## REQUIREMENT
Transcribe only what runs from the line including "Penumpang Arus Balik" through the last line of the entries, exactly as it appears.

## STUDY MATERIAL
:::::

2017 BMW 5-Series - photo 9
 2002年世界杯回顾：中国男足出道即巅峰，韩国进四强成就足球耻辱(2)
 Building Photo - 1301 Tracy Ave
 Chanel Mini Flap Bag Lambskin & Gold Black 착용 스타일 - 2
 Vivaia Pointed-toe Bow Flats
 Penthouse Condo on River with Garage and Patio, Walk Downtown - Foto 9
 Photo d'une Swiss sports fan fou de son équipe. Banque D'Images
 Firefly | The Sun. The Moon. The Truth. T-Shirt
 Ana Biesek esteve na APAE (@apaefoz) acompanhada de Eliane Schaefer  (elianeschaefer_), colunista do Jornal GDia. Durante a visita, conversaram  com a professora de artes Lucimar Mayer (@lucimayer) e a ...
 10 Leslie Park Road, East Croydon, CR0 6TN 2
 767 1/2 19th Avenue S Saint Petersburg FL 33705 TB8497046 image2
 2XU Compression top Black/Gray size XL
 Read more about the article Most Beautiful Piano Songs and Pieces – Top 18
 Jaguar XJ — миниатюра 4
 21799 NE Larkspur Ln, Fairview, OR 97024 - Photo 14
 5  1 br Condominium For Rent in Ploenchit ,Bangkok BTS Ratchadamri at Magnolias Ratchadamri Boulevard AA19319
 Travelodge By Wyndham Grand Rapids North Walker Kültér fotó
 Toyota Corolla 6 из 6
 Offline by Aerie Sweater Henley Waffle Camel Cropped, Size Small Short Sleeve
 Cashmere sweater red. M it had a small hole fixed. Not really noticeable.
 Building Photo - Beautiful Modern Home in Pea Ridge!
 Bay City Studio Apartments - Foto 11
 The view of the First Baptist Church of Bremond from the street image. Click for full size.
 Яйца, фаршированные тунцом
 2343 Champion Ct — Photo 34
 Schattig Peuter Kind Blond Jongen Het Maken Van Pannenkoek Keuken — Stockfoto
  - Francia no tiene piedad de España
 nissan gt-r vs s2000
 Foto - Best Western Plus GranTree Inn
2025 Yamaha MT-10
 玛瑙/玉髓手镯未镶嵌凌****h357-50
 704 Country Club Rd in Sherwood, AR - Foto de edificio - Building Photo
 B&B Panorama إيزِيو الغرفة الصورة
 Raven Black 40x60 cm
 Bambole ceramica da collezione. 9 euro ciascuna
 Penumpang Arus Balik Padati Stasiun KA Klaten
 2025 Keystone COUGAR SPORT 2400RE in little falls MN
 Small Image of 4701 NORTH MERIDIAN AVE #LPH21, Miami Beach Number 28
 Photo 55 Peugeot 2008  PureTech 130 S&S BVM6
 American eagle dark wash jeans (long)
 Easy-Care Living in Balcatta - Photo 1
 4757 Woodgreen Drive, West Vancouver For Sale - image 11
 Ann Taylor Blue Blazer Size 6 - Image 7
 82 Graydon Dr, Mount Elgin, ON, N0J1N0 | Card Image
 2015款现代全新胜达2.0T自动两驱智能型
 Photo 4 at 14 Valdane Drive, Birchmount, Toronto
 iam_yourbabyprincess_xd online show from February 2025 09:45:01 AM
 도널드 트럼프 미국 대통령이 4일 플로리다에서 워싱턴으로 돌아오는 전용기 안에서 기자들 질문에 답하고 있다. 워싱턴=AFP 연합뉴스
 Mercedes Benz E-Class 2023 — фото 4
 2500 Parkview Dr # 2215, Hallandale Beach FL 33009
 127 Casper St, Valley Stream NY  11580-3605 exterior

:::::

## TASK RESULT
 Penumpang Arus Balik Padati Stasiun KA Klaten
 2025 Keystone COUGAR SPORT 2400RE in little falls MN
 Small Image of 4701 NORTH MERIDIAN AVE #LPH21, Miami Beach Number 28
 Photo 55 Peugeot 2008  PureTech 130 S&S BVM6
 American eagle dark wash jeans (long)
 Easy-Care Living in Balcatta - Photo 1
 4757 Woodgreen Drive, West Vancouver For Sale - image 11
 Ann Taylor Blue Blazer Size 6 - Image 7
 82 Graydon Dr, Mount Elgin, ON, N0J1N0 | Card Image
 2015款现代全新胜达2.0T自动两驱智能型
 Photo 4 at 14 Valdane Drive, Birchmount, Toronto
 iam_yourbabyprincess_xd online show from February 2025 09:45:01 AM
 도널드 트럼프 미국 대통령이 4일 플로리다에서 워싱턴으로 돌아오는 전용기 안에서 기자들 질문에 답하고 있다. 워싱턴=AFP 연합뉴스
 Mercedes Benz E-Class 2023 — фото 4
 2500 Parkview Dr # 2215, Hallandale Beach FL 33009
 127 Casper St, Valley Stream NY  11580-3605 exterior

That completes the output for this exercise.